Records shown:
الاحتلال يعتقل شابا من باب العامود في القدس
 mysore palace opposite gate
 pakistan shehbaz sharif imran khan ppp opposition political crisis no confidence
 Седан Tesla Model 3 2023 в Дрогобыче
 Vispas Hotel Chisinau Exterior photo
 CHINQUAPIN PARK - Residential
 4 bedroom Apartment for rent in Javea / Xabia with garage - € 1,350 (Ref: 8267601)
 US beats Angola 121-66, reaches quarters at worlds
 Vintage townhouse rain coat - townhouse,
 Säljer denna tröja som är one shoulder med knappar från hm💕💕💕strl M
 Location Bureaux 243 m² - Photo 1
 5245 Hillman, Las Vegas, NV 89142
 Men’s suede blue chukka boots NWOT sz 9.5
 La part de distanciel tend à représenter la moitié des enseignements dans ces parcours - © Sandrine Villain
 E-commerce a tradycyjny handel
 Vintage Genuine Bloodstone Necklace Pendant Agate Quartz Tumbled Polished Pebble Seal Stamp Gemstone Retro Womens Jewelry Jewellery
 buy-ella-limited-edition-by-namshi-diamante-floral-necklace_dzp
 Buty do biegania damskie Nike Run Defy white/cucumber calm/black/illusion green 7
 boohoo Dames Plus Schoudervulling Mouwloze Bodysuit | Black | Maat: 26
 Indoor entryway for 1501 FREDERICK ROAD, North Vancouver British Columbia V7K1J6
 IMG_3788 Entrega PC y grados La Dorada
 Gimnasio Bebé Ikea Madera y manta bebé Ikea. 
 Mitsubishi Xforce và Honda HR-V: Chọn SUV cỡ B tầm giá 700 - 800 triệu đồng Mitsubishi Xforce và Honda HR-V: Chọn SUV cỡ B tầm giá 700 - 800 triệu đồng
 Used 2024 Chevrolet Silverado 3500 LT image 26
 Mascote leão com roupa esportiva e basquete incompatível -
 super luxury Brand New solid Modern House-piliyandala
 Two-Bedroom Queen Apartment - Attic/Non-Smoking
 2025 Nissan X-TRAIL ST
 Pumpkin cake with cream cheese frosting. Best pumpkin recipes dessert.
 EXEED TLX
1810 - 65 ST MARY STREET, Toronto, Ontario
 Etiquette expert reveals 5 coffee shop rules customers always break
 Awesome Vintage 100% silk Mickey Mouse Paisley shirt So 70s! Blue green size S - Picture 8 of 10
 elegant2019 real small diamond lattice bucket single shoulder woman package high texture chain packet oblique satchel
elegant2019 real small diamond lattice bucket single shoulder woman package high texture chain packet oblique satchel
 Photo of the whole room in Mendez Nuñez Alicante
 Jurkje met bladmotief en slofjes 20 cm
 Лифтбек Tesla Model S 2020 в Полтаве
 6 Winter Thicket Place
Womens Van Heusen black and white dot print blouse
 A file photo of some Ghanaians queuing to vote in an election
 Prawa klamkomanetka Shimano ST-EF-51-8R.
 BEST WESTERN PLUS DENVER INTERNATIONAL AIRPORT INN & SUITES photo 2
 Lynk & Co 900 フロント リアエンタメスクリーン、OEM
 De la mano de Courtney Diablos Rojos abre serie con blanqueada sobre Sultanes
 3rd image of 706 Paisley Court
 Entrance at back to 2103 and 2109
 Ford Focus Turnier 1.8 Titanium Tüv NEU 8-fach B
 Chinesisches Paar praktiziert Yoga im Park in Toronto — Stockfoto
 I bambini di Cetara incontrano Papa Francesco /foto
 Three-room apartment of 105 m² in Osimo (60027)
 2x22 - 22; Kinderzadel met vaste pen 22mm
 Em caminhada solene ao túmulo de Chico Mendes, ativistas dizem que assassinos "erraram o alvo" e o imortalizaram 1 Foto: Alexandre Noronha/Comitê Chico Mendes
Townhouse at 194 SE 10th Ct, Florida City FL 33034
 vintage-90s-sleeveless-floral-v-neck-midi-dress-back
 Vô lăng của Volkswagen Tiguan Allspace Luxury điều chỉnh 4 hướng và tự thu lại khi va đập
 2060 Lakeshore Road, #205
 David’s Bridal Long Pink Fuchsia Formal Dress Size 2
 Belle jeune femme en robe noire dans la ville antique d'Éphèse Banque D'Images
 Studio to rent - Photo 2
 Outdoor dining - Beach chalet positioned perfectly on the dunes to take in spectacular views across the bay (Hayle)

Activity: Reproduce verbatim the stretch of lines beginning with the one containing "3rd image of 706 Paisley Court" and ending at the close of the entries above.

Exercise answer:
 3rd image of 706 Paisley Court
 Entrance at back to 2103 and 2109
 Ford Focus Turnier 1.8 Titanium Tüv NEU 8-fach B
 Chinesisches Paar praktiziert Yoga im Park in Toronto — Stockfoto
 I bambini di Cetara incontrano Papa Francesco /foto
 Three-room apartment of 105 m² in Osimo (60027)
 2x22 - 22; Kinderzadel met vaste pen 22mm
 Em caminhada solene ao túmulo de Chico Mendes, ativistas dizem que assassinos "erraram o alvo" e o imortalizaram 1 Foto: Alexandre Noronha/Comitê Chico Mendes
Townhouse at 194 SE 10th Ct, Florida City FL 33034
 vintage-90s-sleeveless-floral-v-neck-midi-dress-back
 Vô lăng của Volkswagen Tiguan Allspace Luxury điều chỉnh 4 hướng và tự thu lại khi va đập
 2060 Lakeshore Road, #205
 David’s Bridal Long Pink Fuchsia Formal Dress Size 2
 Belle jeune femme en robe noire dans la ville antique d'Éphèse Banque D'Images
 Studio to rent - Photo 2
 Outdoor dining - Beach chalet positioned perfectly on the dunes to take in spectacular views across the bay (Hayle)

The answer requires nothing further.